Metal Slug also benefits from one of the more elaborate scoring systems seen in the subgenre: a combination of traditional checkpoint milking and item bonuses, along with various point multipliers and performance bonuses. In fact, a pretty drastic accommodation is required from players who attempt the game at the highest level. For starters, the preferred weapon becomes the knife in most cases, as it offers three times the point value of shooting. This alone induces a host of new strategies. And because each shot has the same value, the most powerful weapons lose their desirability as well. Inside the Metal Slug, adeptness with the cannon is crucial. A well-placed shot against a soldier just outside the center of impact can net you a massive 10x multiplier, or 12x against vehicles (no precision necessary, but hit points will need to be learned for effectiveness here).

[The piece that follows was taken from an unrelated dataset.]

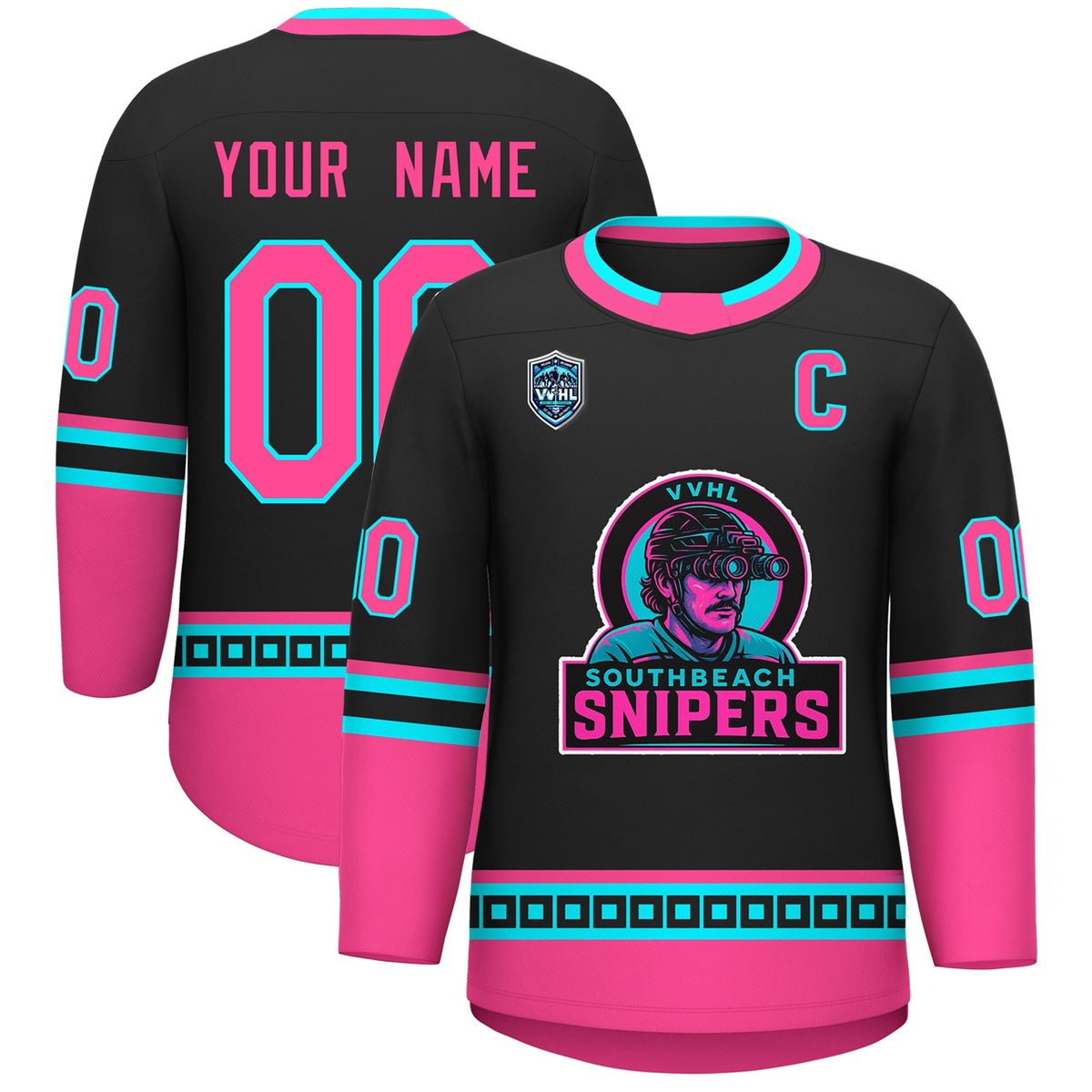 VVHL S8 South beach Snipers Black White Hockey Jersey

After each stage you are awarded additional points based on a couple of criteria. For every rescued hostage in your counter you are given 1000 points. Besides the ones in plain view (which mostly serve as ammo refills), there are tons of hostages in obscured locations throughout the stages, usually trading gifts of power-ups for item bonuses. Clearing a stage with an appropriate amount of hostages will trigger the "Great!" bonus worth 100k, and because your hostage counter resets after a death, this acts as a "no-miss" reward of sorts. You could die and still get the bonus, but even then it will only shift your losses elsewhere, due to an interesting glitch exploit that is absolutely necessary for high-scoring runs, easily accounting for half of your total score if optimized, or somewhere near that. Perhaps it's best to leave it at that. Lastly, survival of the Metal Slug will add 10k to your bonus, but this should be part of the plan already (unless speed is the motivation), since bosses are generally designed with the vehicle in mind (especially its eject function), to relieve some of the duress of certain routines.

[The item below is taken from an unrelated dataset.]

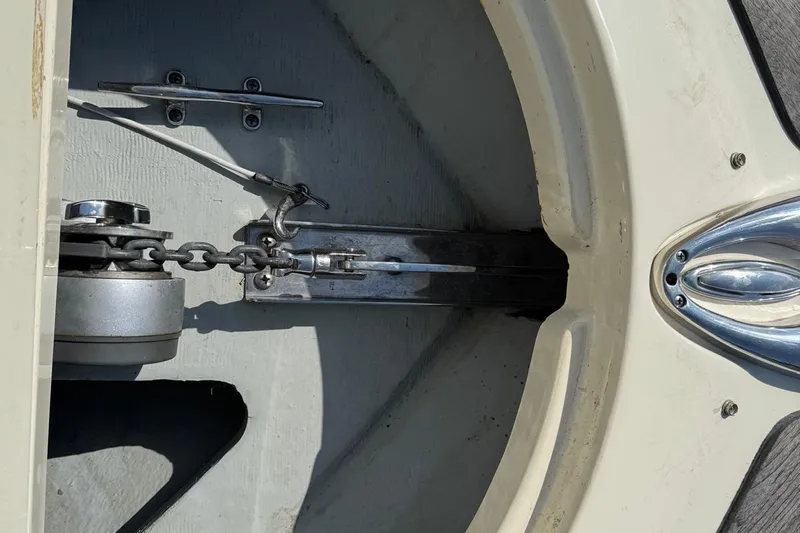  Yacht Photos Pics Anchor chain mechanism on 2013 Chris-Craft Launch 28 boat.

On the subject of item bonuses, there are some very imaginative uses of them in this game. The most lucrative of treasures are placed into platform puzzles; some food items can spoil to a diminished value; coins can be "comboed" for exponential bonuses, and so on. My favorite are the boxer shorts hung out to dry in the fifth stage. After you destroy a building, they will dip down just enough for you to reach them with a jump, before getting carried off by the wind.

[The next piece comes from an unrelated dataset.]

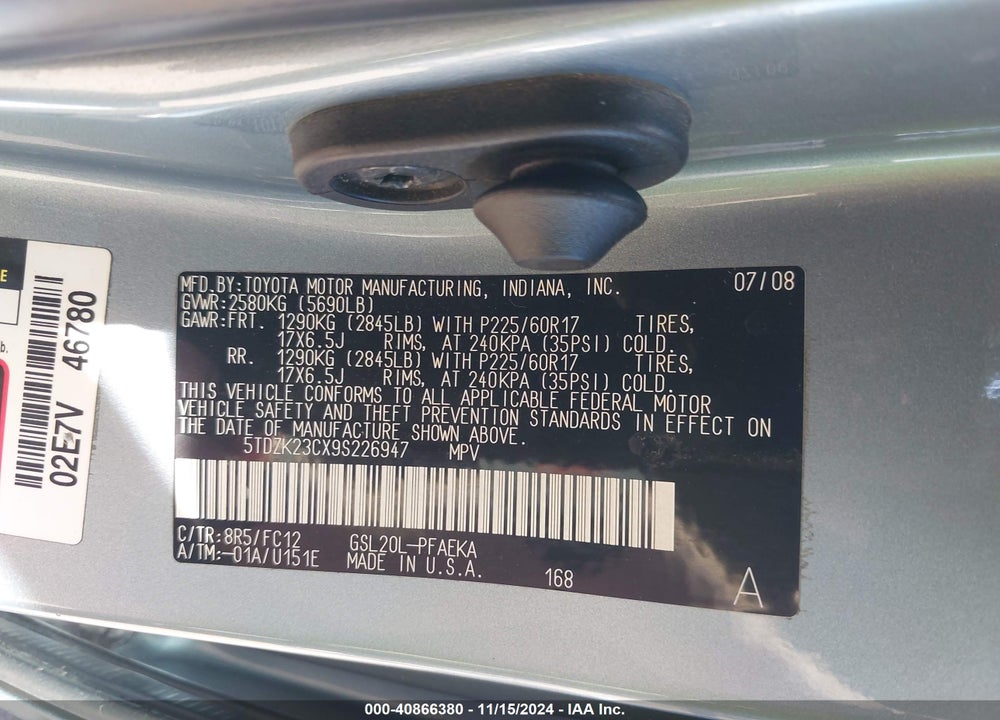2009 TOYOTA SIENNA LE VIN: 5TDZK23CX9S226947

Then there is the matter of time. With so many re-spawn areas and checkpoints to employ, the game can take well in excess of an hour to complete. I've noticed this to be somewhat controversial, usually among players who are accustomed to the typically shorter duration of forced-scrolling shooters. Really, an arcade game of this length is nothing new (old as the checkpoint itself, at least). Where Metal Slug improves the tradition is in scoring mechanics that appreciate activity more than camping, which also fits nicely into the risk/reward system.

Alas, Metal Slug was created during the declining prominence of its form (both as an arcade game and as an action shooter), yet it had a measurable impact on what was still to come, possibly energizing it to an extent. Demon Front and Dolphin Blue are the most notable and direct examples, and although I would consider them more rightful heirs than some of the officially licensed doujin games SNK Playmore has put out, they do not really rise above the level of imitation. Surely if the old masters of the arcade hadn't shifted their sights elsewhere, even they would've had a tough time matching the fully accomplished atmosphere and overall intensity found here -- let alone improving them or devising more challenging scenarios. There is something inimitable about this work, with obvious attribution to the talent of the graphic artists, but above all in mechanics honed through long experience in the old Irem school of game design. Luckily for us, this is where the sequel comes in.